Mike Clark
Consulting Actuary
Considering the urgency behind the sweeping relief package, we’ll give Congress a pass on the clumsy and redundant title of the American Rescue Plan Act of 2021 (ARPA) and focus on its key word…”Rescue”. Rescue is certainly an appropriate word for a law that spreads almost $2 trillion of financial aid across many elements of the US economy, and by all accounts it seems to have helped stabilize markets and the finances of businesses and individuals.
One of the smaller sections of ARPA provides significant pension funding changes for single-employer defined benefit (DB) plans (fourth time is a charm). This includes higher interest rates for valuing funding target obligations and longer periods to pay off unfunded liabilities.

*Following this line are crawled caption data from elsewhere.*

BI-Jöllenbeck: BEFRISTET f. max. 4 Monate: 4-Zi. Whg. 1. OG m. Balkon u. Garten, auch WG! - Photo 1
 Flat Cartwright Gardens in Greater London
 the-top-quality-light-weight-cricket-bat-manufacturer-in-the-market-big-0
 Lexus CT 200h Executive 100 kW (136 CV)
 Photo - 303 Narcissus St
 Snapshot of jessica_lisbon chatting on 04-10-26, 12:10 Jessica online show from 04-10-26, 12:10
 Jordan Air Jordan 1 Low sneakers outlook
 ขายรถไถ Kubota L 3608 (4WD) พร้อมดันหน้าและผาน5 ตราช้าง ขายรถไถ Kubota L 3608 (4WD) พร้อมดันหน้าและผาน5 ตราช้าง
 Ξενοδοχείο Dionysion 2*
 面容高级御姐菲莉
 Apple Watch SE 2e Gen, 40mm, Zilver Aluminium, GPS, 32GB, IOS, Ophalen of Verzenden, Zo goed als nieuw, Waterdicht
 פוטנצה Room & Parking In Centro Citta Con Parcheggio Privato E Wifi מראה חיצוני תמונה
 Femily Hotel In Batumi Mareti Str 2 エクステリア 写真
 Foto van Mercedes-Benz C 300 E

While greatly appreciated by many plan sponsors, these lifelines technically fall more into the category of “relief” than “rescue”. There is no direct government funding toward single-employer pension obligations, and the burden of insuring failures still rests with the Pension Benefit Guaranty Corporation (PBGC) wholly funded by premiums paid by DB plan sponsors.
Multiemployer rescue
ARPA’s “rescue” is much more literal regarding distressed multiemployer plans. (These union-sponsored arrangements are sometimes called “Taft-Hartley” plans.) Under the new law, seriously impaired multiemployer plans may apply for a one-time lump sum payment sufficient to cover all benefit payments through the 2051 plan year—three full decades of cash.
These sizeable grants, blandly labeled “Special Financial Assistance”, come with virtually no strings attached. Unlike earlier iterations of the bill, there is no requirement to pay the money back. The only significant restrictions are that the assistance payment must be invested in high quality bonds (or other acceptable investments yet to be determined), and previously-suspended pensions must be restored. Beyond that, all that is required is to apply and demonstrate eligibility through at least one of the following:
- Certified in “Critical & Declining” status in any year from 2020-2022
- Previous approval of suspension of participant benefits
- Certified Critical status with market value funding ratio under 40%, and a 2:3 ratio of active to inactive participant headcount, and/or
- Certified insolvent but not terminated after Dec. 16, 2014
Sponsors have until the end of 2025 to file. Total expected Special Financial Assistance is estimated at $94 billion, a substantial rescue indeed.
Diversification fallacy
Multiemployer pension rescue has been discussed for a long time. For years, the PBGC has published dire forecasts showing that not only were some plans in trouble, but the insurance program backstopping the risk was itself going insolvent. This happened even while the PBGC single-employer insurance program was posting huge surpluses. Why?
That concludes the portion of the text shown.